Question

Construct 3 equations starting with $x=2$.

Answer 1

Hint:We have to start with $x=2$, so initially our LHS is equal to $''x''$and RHS is equal to “2”. To get three equations perform any three operations to both the left hand side and right hand side of the equation one by one.

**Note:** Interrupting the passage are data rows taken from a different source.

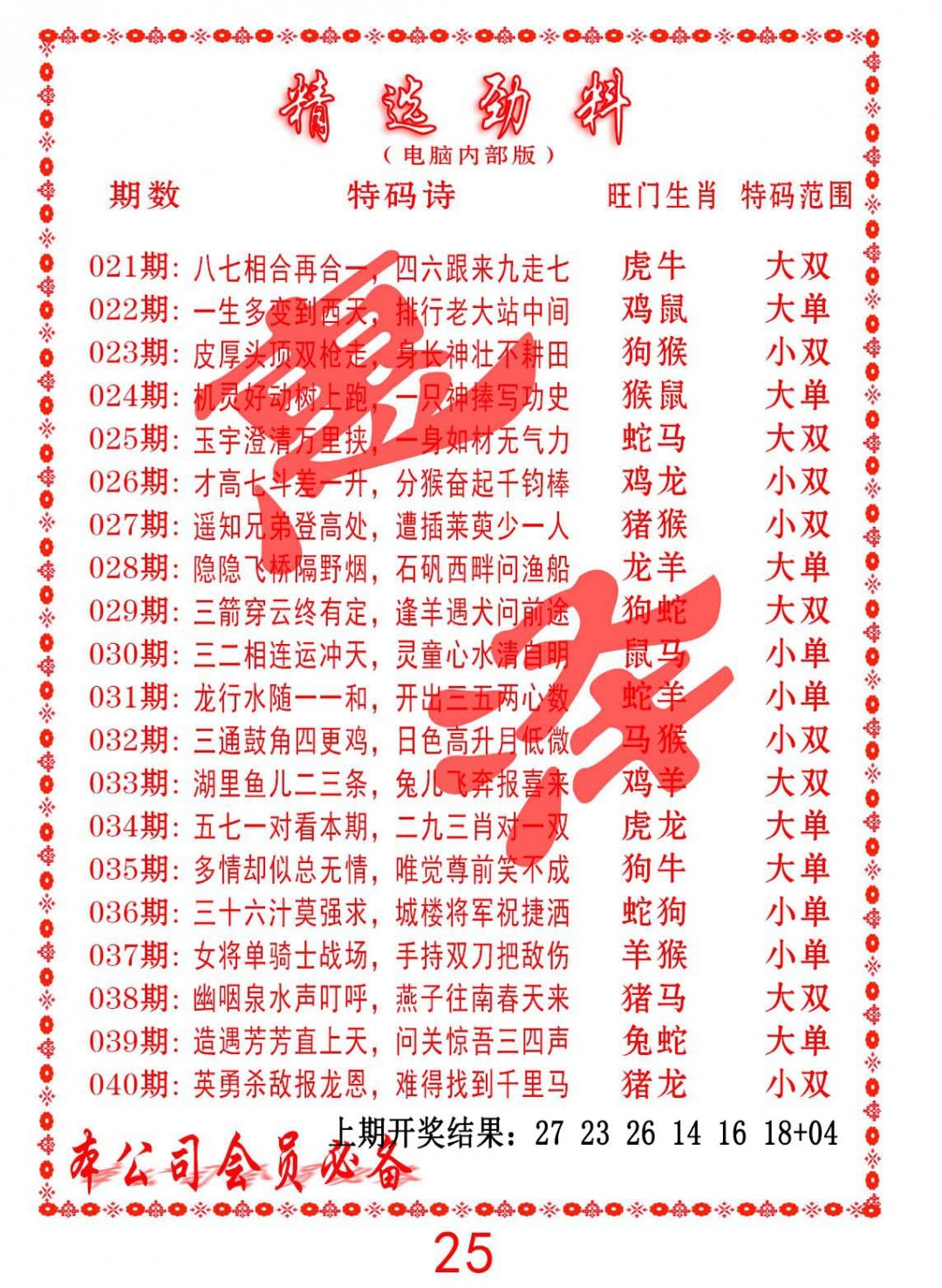 2025023期精选劲料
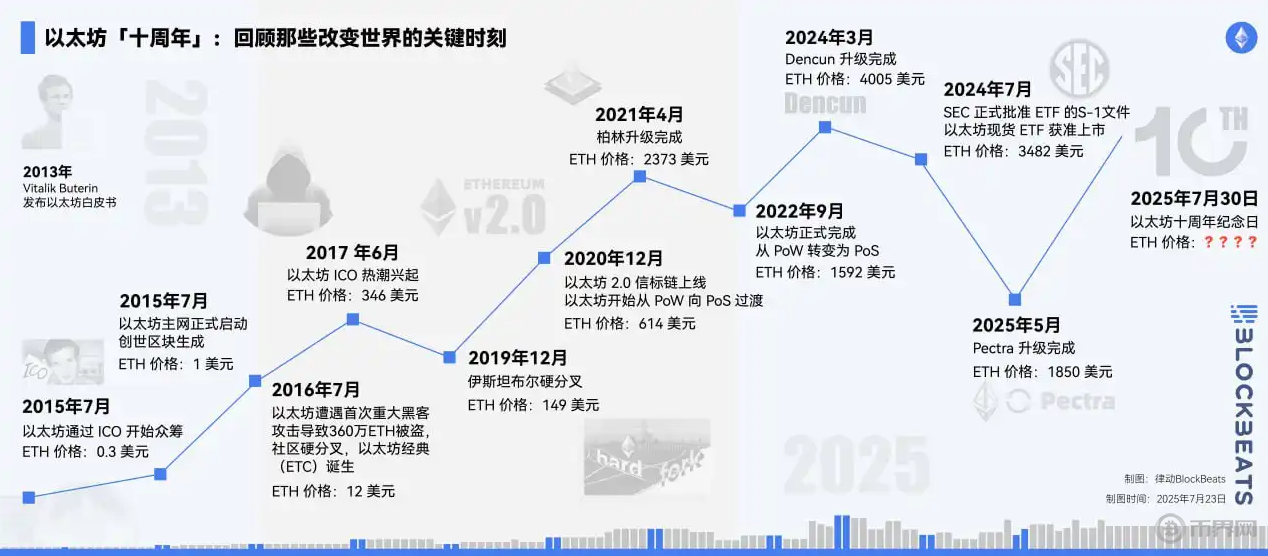 1753868503495229.png 搜狗高速浏览器截图20250730154954.png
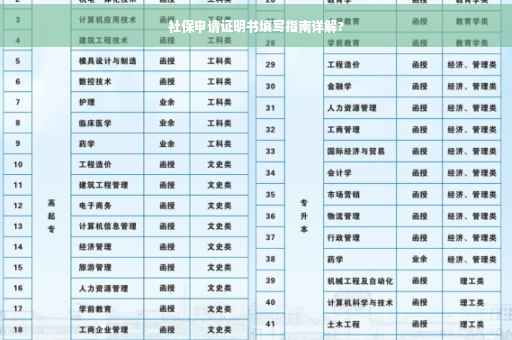 社保申请证明书填写指南详解?
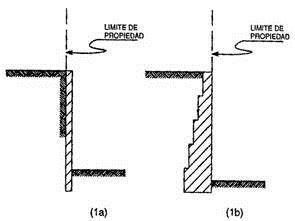 ¿A que llamamos calzadura?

Complete step-by-step answer:
We have to construct three equations separately starting with $x=2$.
An equation is a mathematical sentence that has two equal sides separated by an equality sign. The two signs of the equality sign are called LHS (left hand side) and RHS (right hand side).
$''x=2''$ is also an equation.
We have to form three different equations, so we need to perform three different operations.
Let us 1st equation by adding ‘3’ to both sides of equation $''x=2''$.
On adding 3 to both sides of equation $''x=2''$, we will get,
$\begin{align}
  & x+3=2+3 \\
 & \Rightarrow x+3=5 \\
\end{align}$
This is our first equation which is obtained starting with $''x=2''$.
Now, let us construct the 2nd equation by subtracting ‘2’ to both sides of equation $''x=2''$.
On subtracting ‘2’ from both sides of the equation $''x=2''$ we will get,
$\begin{align}
  & x-2=2-2 \\
 & \Rightarrow x-2=0 \\
\end{align}$
This is our 2nd equation which is obtained starting from $''x=2''$.
Now, let us construct the 3rd equation by multiplying both sides of the equation with 5.
On multiplying both sides of equation $''x=2''$ with 5, we will get,
$\begin{align}
  & 5\times x=5\times 2 \\
 & \Rightarrow 5x=10 \\
\end{align}$
This is our 3rd equation which is obtained starting with $''x=2''$.
Hence, three equations that can be constructed starting from $''x=2''$:
$\begin{align}
  & x+3=5\ and \\
 & x-2=0\ and \\
 & 5x=10 \\
\end{align}$

Note: We can construct infinite such equations starting from $''x=2''$. Be careful that we can perform any operation but we need to perform the same operation to both sides of the equation so that values of the two sides of the equation remain the same. We can also use multiple operations for constructing equations like “ multiply by 4 then add 2 to both sides of the equation”.